**Source data**
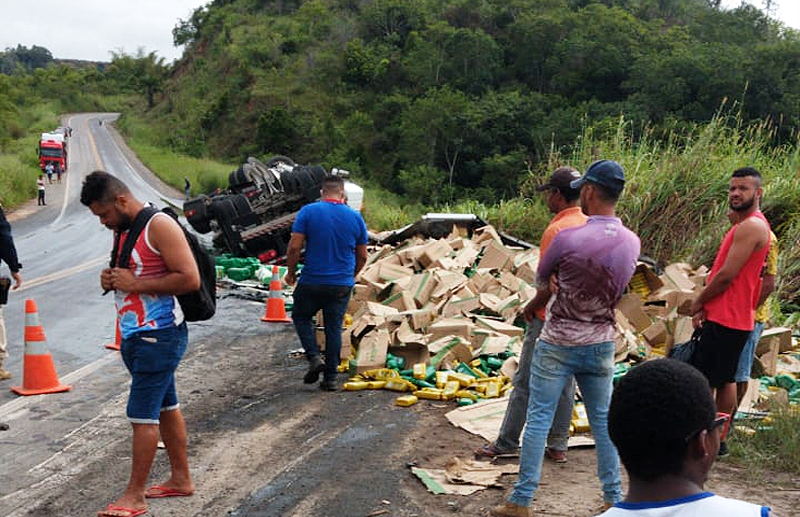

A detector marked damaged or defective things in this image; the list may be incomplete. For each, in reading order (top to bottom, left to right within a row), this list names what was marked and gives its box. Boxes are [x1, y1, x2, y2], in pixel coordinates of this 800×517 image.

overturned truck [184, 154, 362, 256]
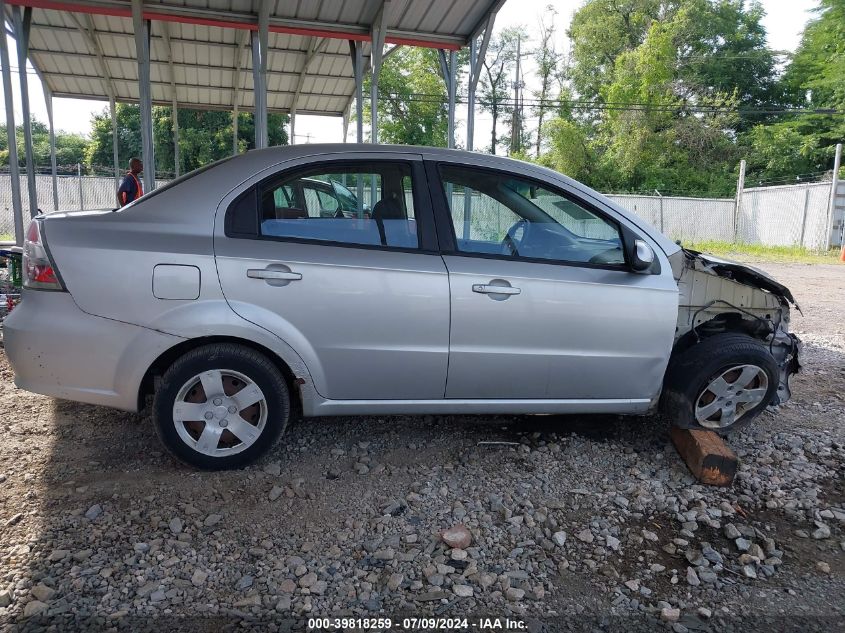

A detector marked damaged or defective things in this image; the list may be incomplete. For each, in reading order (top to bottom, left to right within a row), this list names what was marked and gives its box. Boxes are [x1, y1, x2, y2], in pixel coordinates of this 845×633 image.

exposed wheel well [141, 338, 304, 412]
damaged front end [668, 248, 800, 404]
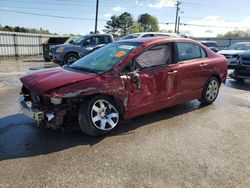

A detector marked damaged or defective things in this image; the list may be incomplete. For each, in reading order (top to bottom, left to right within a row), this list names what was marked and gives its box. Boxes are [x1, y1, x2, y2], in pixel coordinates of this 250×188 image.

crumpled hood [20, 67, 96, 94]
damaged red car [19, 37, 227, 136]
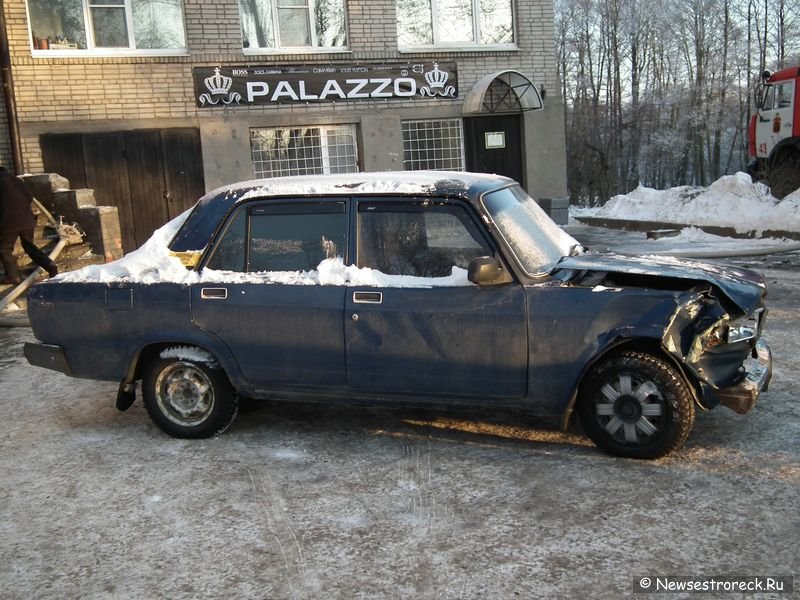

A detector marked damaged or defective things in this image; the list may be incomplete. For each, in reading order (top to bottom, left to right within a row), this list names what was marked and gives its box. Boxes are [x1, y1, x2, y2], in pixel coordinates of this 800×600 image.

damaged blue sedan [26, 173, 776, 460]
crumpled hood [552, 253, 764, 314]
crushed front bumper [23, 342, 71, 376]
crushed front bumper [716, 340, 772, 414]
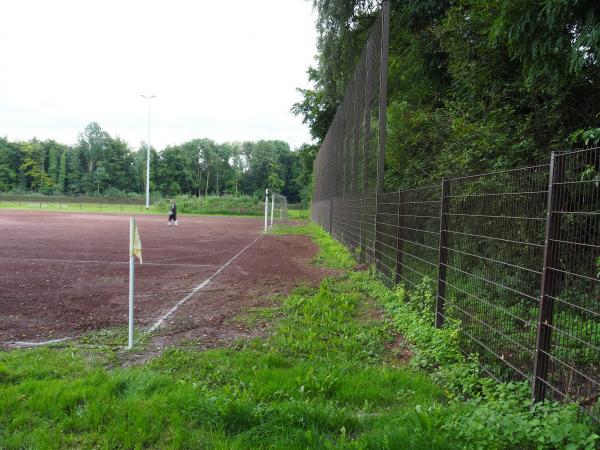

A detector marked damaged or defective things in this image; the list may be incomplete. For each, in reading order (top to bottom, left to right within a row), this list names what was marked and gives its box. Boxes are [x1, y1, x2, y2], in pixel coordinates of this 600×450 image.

**What you should do**
Set the records down again exactly, with no pictures.

**Answer for this exercise**
A detector marked damaged or defective things in this image; the list may be incomplete. For each, in reading order (top to bottom, left to right within a row), this list names what was marked and gives its box. Boxes are [x1, y1, x2, y2], in pixel coordinates of this 800×517 image.

overturned truck [184, 154, 362, 256]

A detector marked damaged or defective things in this image; the list may be incomplete. For each, in reading order (top to bottom, left to right within a row), this list names what was marked and gives its box. Boxes are [x1, y1, x2, y2], in pixel coordinates of this 845×633 image.

exposed wheel well [141, 338, 304, 412]
damaged front end [668, 248, 800, 404]

A detector marked damaged or defective things in this image; the list may be incomplete. For each, in reading order (top to bottom, left to right within a row), this list names what was marked and gives its box. Boxes are [x1, y1, x2, y2], in pixel coordinates of this 250×188 image.

crumpled hood [20, 67, 96, 94]
damaged red car [19, 37, 227, 136]

A detector marked damaged or defective things in this image; the list may be incomplete. For each, in reading order (top to bottom, left to right within a row), this list names what was marked and gives its box. Boxes are [x1, y1, x2, y2], in pixel coordinates of this 800×600 image.

damaged blue sedan [26, 173, 776, 460]
crumpled hood [552, 253, 764, 314]
crushed front bumper [23, 342, 71, 376]
crushed front bumper [716, 340, 772, 414]

A detector marked damaged or defective things in this image; the list may be incomplete. For each, in reading order (top to bottom, left to right within a row), this list names what was marked and gives its box. Boxes are [x1, y1, x2, y2], in pixel coordinates of this 600×450 image.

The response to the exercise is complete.